Part of the legal backlash over Dolly's closure was a class action lawsuit recently fild against the Surabaya administration by the residents of the neighborhood, who argued that the closure of the red light district caused huge material and immaterial damages. The group demanded IDR270 billion (US$15.15 million) from the administration in compensation.
But the first step in the lawsuit ended in disappointment for the plaintiffs after the Surabaya District Court rejected the lawsuit on administrative grounds, saying it should have been filed with the State Administrative Court (PTUN).
However, any lawsuit against a government policy must be filed no later than 90 days after the policy is enacted.
"This makes no sense. The closure of Dolly was in 2014, or four years ago. Because of that, we will appeal," Nain Suryono, legal counsel for the plaintiffs, told Kompas earlier this week.
But Mayor Risma says she's undeterred by more potential lawsuits or anybody who wishes to bring prostitution back to Dolly.
"If that's what they want, kill me to get it over with. But I will not let the children of Surabaya be destroyed [by prostitution]," she said today, as quoted by Detik.
One of Risma's justifications for shutting down Dolly back in 2014 was to prevent human trafficking into the red light district and the negative effects that being exposed to prostitution could have to the children living in the neighborhood.
"If you know their stories they're horrifying. But I don't want to tell the stories now. What's in the past is in the past, let's begin again together, let's solve our problems together," she said.

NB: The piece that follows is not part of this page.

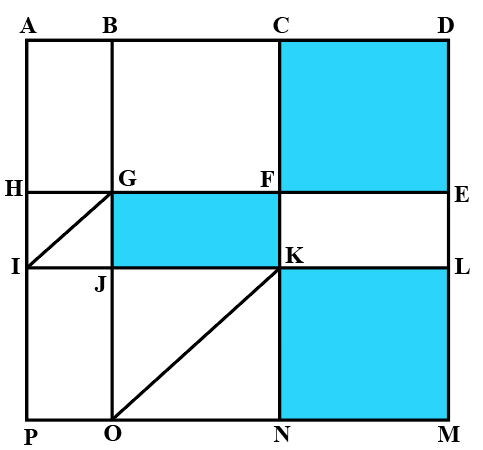 Data for this set (chart, table or figure)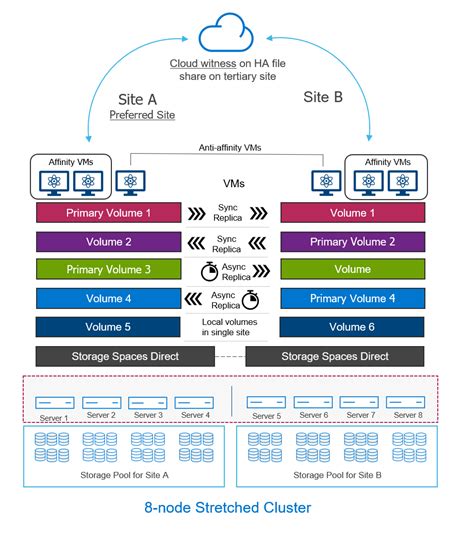 Stretch Clustering Topology Tech Book—dell Integrated System For Microsoft Azure Stack Hci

Around 1,500 sex workers were evicted from Dolly after its shutdown. Critics said that the shutdown would only drive the evicted sex workers underground, bringing about new problems regarding the safety and sexual health of both the prostitutes and their clients.
In February 2015, five months after the shutdown, Coconuts Jakarta did an investigation into the effects of Dolly's shutdown and found that there were indeed evidence of the aforementioned new problems.